I confess – I am somewhat confused by our education systems.
I know, I know. We all are. We all are confused by about possibly 10,000 different things in our education system.
There is one thing that confuses me more than anything else – assessment in science.
We are being continually told how we need to teach science by enquiry, we need to make it more engaging, we need to teach the ‘real side’ of science – problem solving, uncertainty, experimentation.
Then we turn around and say we need to make the students write essays on pre-decided topics with plenty of resources available to draw out the answers form, or sit exams that test fact-recall (in many different formats, but it’s still fact-recall).
If you want to grade students on how well they do on an exam, the best way to prepare them for it is by teaching the facts and practising sitting exams.
One of my colleagues spent an entire term teaching in just that way with a year 11 group. They had expressed their dislike of practicals right at the beginning, and actually preferred working through independent research [link to other article], then sitting as many practice exams as they could.
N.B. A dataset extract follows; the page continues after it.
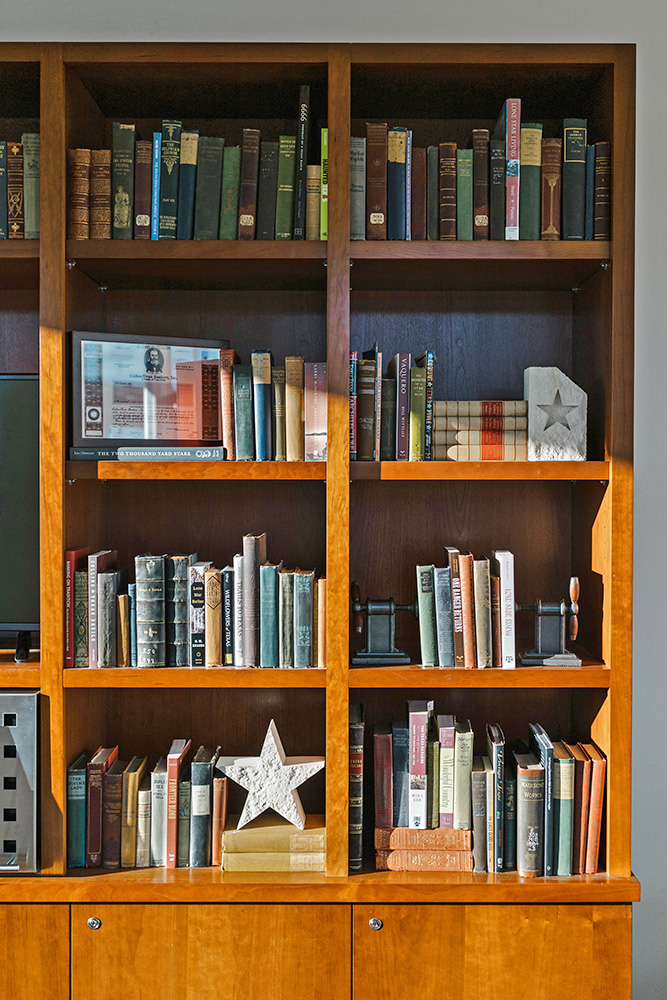 Wooden bookshelf with old books.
They were given the mark scheme at the end of the exams and would self-assess their work.
Of course they all did well on the exam.
Of course the data for that class looked excellent – they had all done well, so the teaching-learning process must be excellent!
And yet it was the exact opposite of what we are told we should do in science classes.
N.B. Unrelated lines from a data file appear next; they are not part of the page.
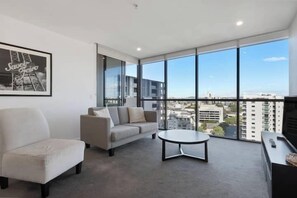A modern living room with a sofa, armchair, and coffee table, large windows with a city view, and a framed picture on the wall. - ML1306A Milton1306 ; 1 Bedroom 1 Bathroom (Brisbane)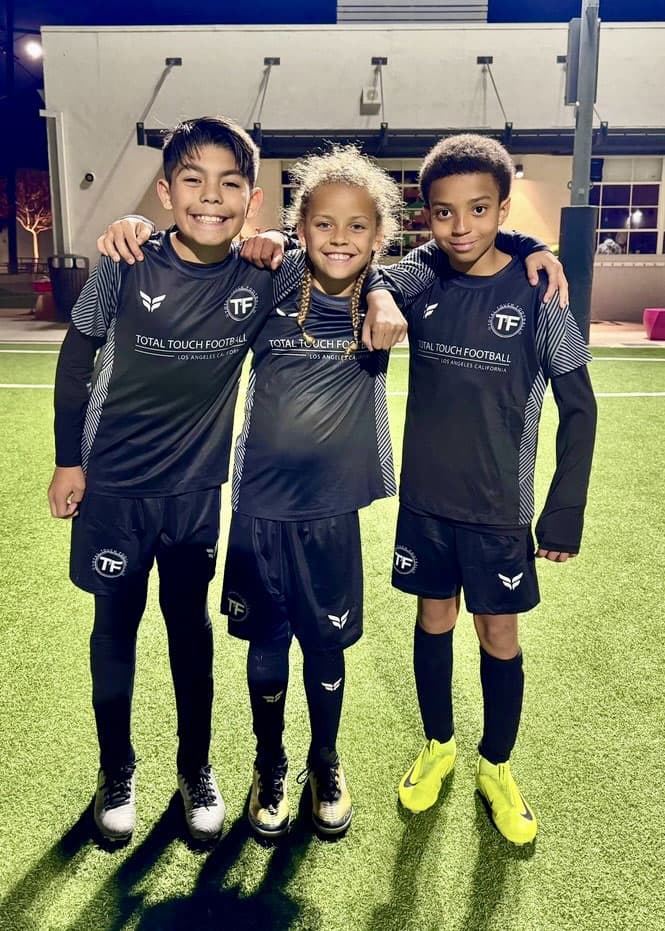 Youth soccer players training with Total Touch Football on an outdoor field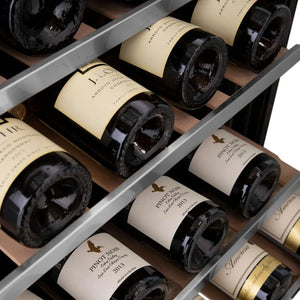 ZLINE Autograph Edition 24 in. Monument Dual Zone 44-Bottle Wine Cooler in Stainless Steel with Matte Black Accents (RWVZ-UD-24-MB) close-up, four rows of red and white wine on extended wood shelves from side.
Would the students have the ‘highly desirable’ scientific way of thinking? Probably not.
I myself find that experiments rarely reinforce key concepts in the way that they should. The experiment can go perfectly, everyone understanding exactly what’s happening, but then for some reason they cannot translate that across to the theory they are learning.
To be fair, this could very well be a downfall on my part – perhaps I am not making the links for the students?
Yes they are developing problem solving, experimentation, and scientific process skills, but I have yet to see a single exam that truly tests for these things.
Almost every exam I’ve ever seen has included some form of ‘imaging you are doing this experiment’ type questions, but do they really test these skills appropriately?
Here we do face a bit of an issue – which do you want more from the students and their teachers?
Good data or minds shaped to thinking scientifically?
I have yet to see a pedagogy that works really well on both fronts. Perhaps you have? If so, please share so I can try it out!